Le folle ti seguivano ovunque, Pietro e gli altri si sentivano orgogliosi di essere stati scelti, chiamati a uno a uno per nome. Vedevano i tuoi segni e attendevano. Attendevano che, dopo aver manifestato la tua misericordia e compassione con gli ultimi, iniziasse la restaurazione del Regno di Israele. Aspettavano un segno chiaro e lampante per contemplare, finalmente, l’inizio della rivoluzione. Libertà.

Ma questo segno non è arrivato, mai. Ti hanno visto in groppa a un asinello e poi con un grembiule a lavare i piedi come uno schiavo. Hanno visto arrivare le guardie romane e come ti sei lasciato catturare senza opporre nessuna resistenza.

E tutti, uno a uno, proprio quelli che tu avevi scelto, ti hanno lasciato solo. Forse per paura o per vigliaccheria. O forse perché si sono sentiti delusi e ingannati.

Sognavano un re potente, credevano che tu avresti riportato il Regno di Israele alla gloria di un tempo, ma l’unico regno che occupava il tuo cuore era quello di tuo Padre.
Delusi, se ne sono andati.

Giuda, sentendosi ingannato, ti ha venduto. Pietro ti ha rinnegato tre volte, negando di conoscerti e di essere tuo discepolo.

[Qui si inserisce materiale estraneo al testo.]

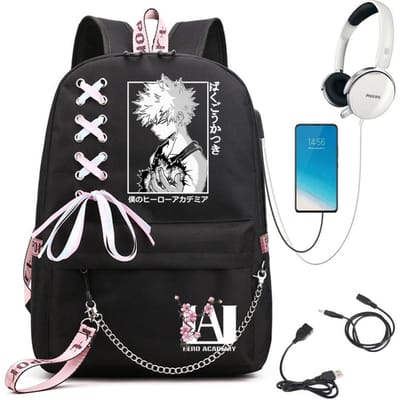 My Hero Academia Anime Sac à Dos pour Femmes Port USB Sac à Dos de Voyage pour Dames Sac à Bandoulière Katsuki Bakugo Anime Tendance Sac à Dos pour Ordinateur Portable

Sono passati più di venti secoli, e tu sei ancora lì, sulla croce. E i nostri occhi, oggi, ti contemplano.
Lo stesso cartello, la stessa incomprensione.

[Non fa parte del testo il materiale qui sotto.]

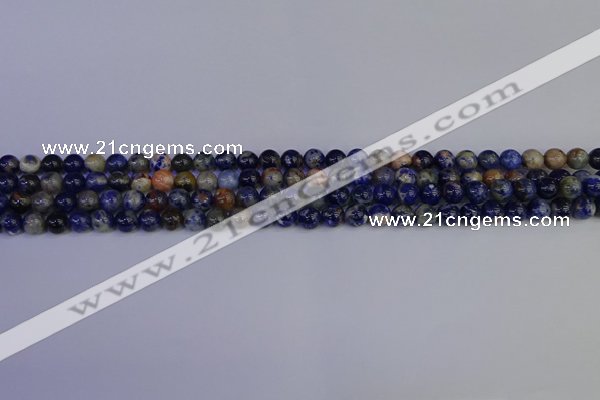 CSO510 15.5 inches 4mm round orange sodalite beads wholesale
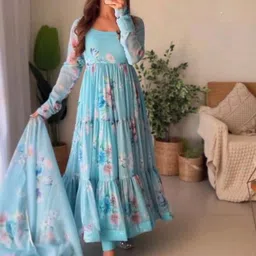 GRISHU COLLECTION Floral Printed Layered Round Neck Anarkali Kurta With Trousers & Dupatta image 2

Anche noi, come Giuda, ti abbiamo venduto, anche per meno di trenta monete. Abbiamo scelto altri dei, più comodi, più veloci, più gratificanti. Abbiamo preferito restare a sgambettare nell’acqua bassa, senza rischiare, senza perdere il controllo.

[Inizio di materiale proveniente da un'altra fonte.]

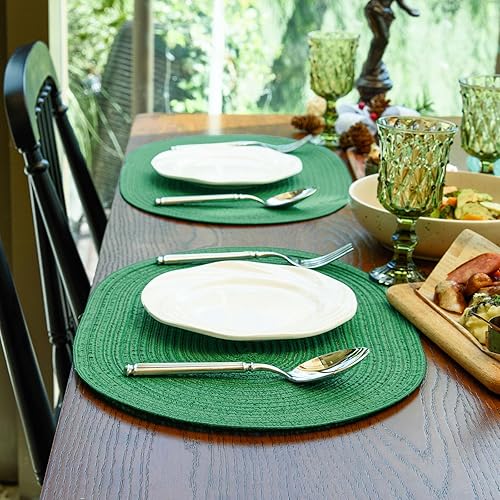 Miniatura 6 de Noctiflorous Juego de 6 manteles individuales trenzados ovalados de 12 x 18 pulgadas, antideslizantes, lavables, resistentes al calor, manteles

Anche noi, come Pietro, se ci guardiamo nel cuore, dobbiamo ammettere che non ti conosciamo e che non siamo per davvero tuoi discepoli. Sappiamo qualcosa di te, la tua carezza infuocata ci ha sfiorato, ma conoscerti è un’altra cosa. E se ti conoscessimo anche solo un po’, la nostra vita cambierebbe, eccome.

Siamo un disastro, Gesù.
Siamo discepoli sgarrupati, Gesù.

Siamo una Chiesa accartocciata, Gesù

Eppure, inchiodato alla croce, non condanni nessuno.

Hai preso su di te la nostra carne, il nostro dolore, la nostra immondizia.

Sei entrato nella storia, e ti sei fatto trovare là dove nessuno cerca Dio: sul legno di una croce. Hai scelto l’angolo più buio dell’universo, perché nessuno possa sentirsi più escluso dalla luce. Ti sei tuffato negli abissi dell’oscurità del cuore dell’uomo per essere luce. Sei entrato nella morte, per darci vita. Hai perso tutto, per salvarci tutti. La croce è il trono della tua gloria.